There is no single perfect number. Healthy ranges depend on sex, age, and activity level.

Average muscle mass percentage for men

Adult men typically have more muscle than women.

General ranges for men are:
• Low: below 33 percent
• Average: 33 to 39 percent
• Good: 39 to 44 percent
• High or athletic: above 44 percent

Men who train with weights often sit in the upper range. Sedentary men tend to fall closer to the lower end.

Average muscle mass percentage for women

Women naturally carry less muscle and more essential fat.

General ranges for women are:
• Low: below 24 percent
• Average: 24 to 30 percent
• Good: 30 to 35 percent
• High or athletic: above 35 percent

These ranges reflect healthy body composition, not appearance.

Healthy muscle mass percentage by age

Muscle mass declines with age. This process starts slowly after 30 and accelerates after 50 if strength training is absent.

A healthy muscle mass percentage by age looks like this.

Ages 18 to 30
Men often sit between 40 and 44 percent. Women often sit between 30 and 34 percent.

Ages 31 to 45
A small decline is normal. Staying within the good range is realistic with regular training.

Ages 46 to 60
Muscle loss increases. Resistance training helps maintain muscle above average levels.

Over 60
Maintaining function matters more than hitting high numbers. Avoiding the low category is the main goal.

What is considered low muscle mass

Low muscle mass means muscle makes up a smaller share of body weight than expected.

This can lead to:
• Lower strength
• Poor balance
• Slower metabolism
• Higher injury risk
• Reduced independence with age

Low muscle mass often appears in people who do not train, eat too little protein, or lose weight too quickly.

What is considered high muscle mass

High muscle mass usually reflects consistent strength training and adequate nutrition.

Benefits include:
• Better glucose control
• Higher calorie burn at rest
• Improved posture
• Lower injury risk
• Better long term mobility

Athletes and regular gym users often sit in the high range. This is not required for health, but it offers clear advantages.

How athletes compare to non active adults

Athletes typically have a higher muscle mass percentage and lower fat mass.

A recreational lifter may sit at:
• Men: 42 to 46 percent
• Women: 33 to 38 percent

A non active adult may sit much lower, even at a normal body weight.
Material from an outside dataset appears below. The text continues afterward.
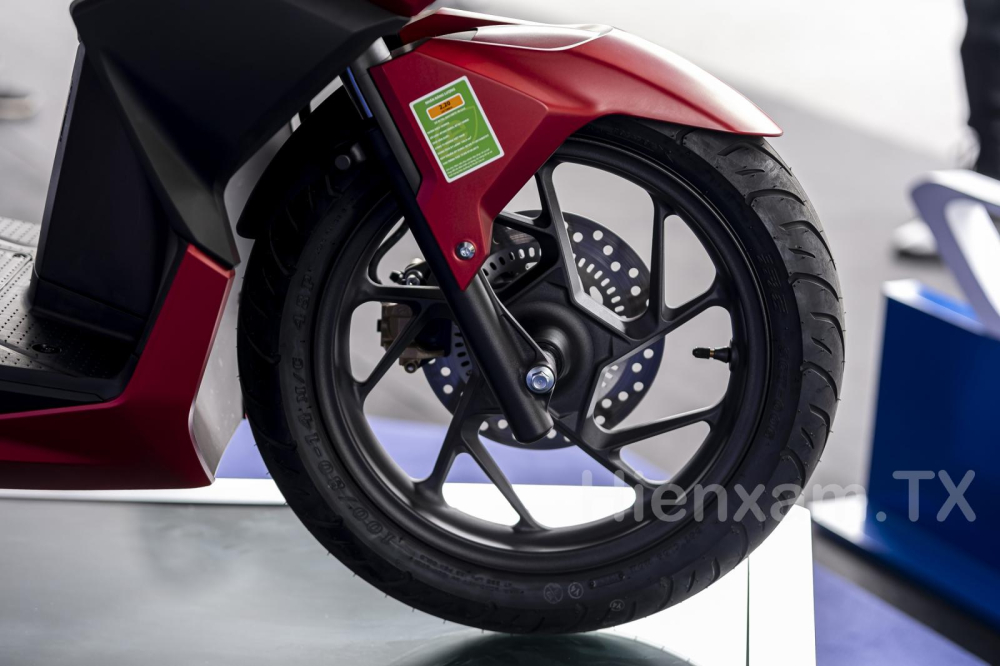 The tire size on Honda Vario 160 has also been increased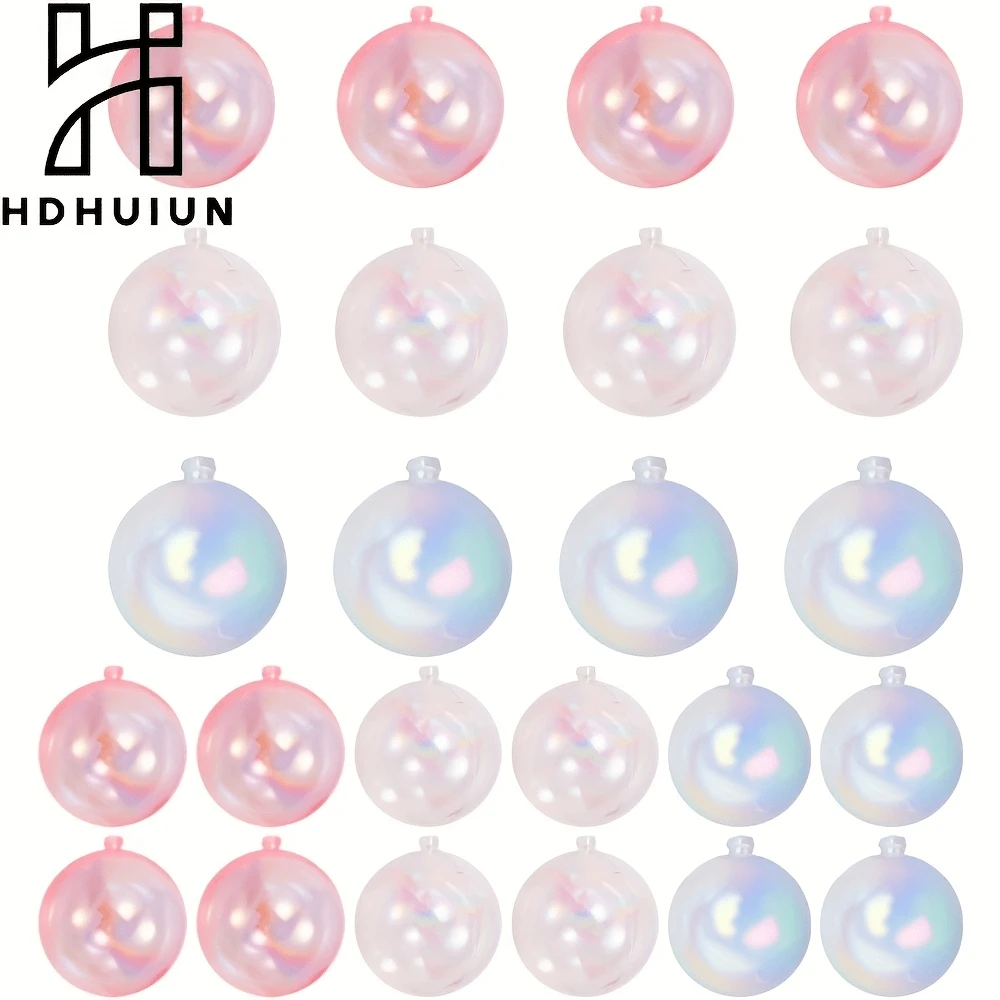 24层球形蛋糕，泡泡迷你气球层，珍珠镶嵌纸杯，DIY装饰，婚礼周年纪念，毕业典礼，生日派对 - 彩色 - 查看 1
This is why weight alone does not reflect fitness.

How to measure muscle mass percentage

Several methods are common in the UK.

DEXA scan
This is the most accurate option. It measures fat, muscle, and bone separately. It costs more but gives detailed data.

Bioelectrical impedance scales
These are common in gyms and homes. They send a small electrical signal through the body. Results vary with hydration but work well for tracking trends.

Gym body composition machines
Many UK gyms offer these. Accuracy sits between home scales and DEXA scans.

For consistency, use the same method each time.

How to improve muscle mass percentage naturally

You can improve muscle mass percentage by building muscle or reducing fat. The best approach combines both.

Key actions that work:
• Strength train two to four times per week
• Focus on compound movements
• Eat enough protein each day
• Avoid extreme calorie deficits
• Sleep at least seven hours
• Stay consistent over months

Supplements can help, but training and nutrition matter more.

How to use muscle mass percentage correctly

Do not chase numbers alone. Use muscle mass percentage as a guide.

Track changes over time. Compare results every few months. Focus on trends, not single readings.

If muscle percentage rises while strength improves, you are moving in the right direction.

Summary

A good muscle mass percentage depends on sex, age, and activity level. Men generally fall in the 39 to 44 percent range for good health. Women often fall in the 30 to 35 percent range. Lower values increase health risks. Higher values support strength and long term function.

Use muscle mass percentage to understand your body composition better. Combine it with strength training, proper nutrition, and recovery. This approach supports health far better than weight alone.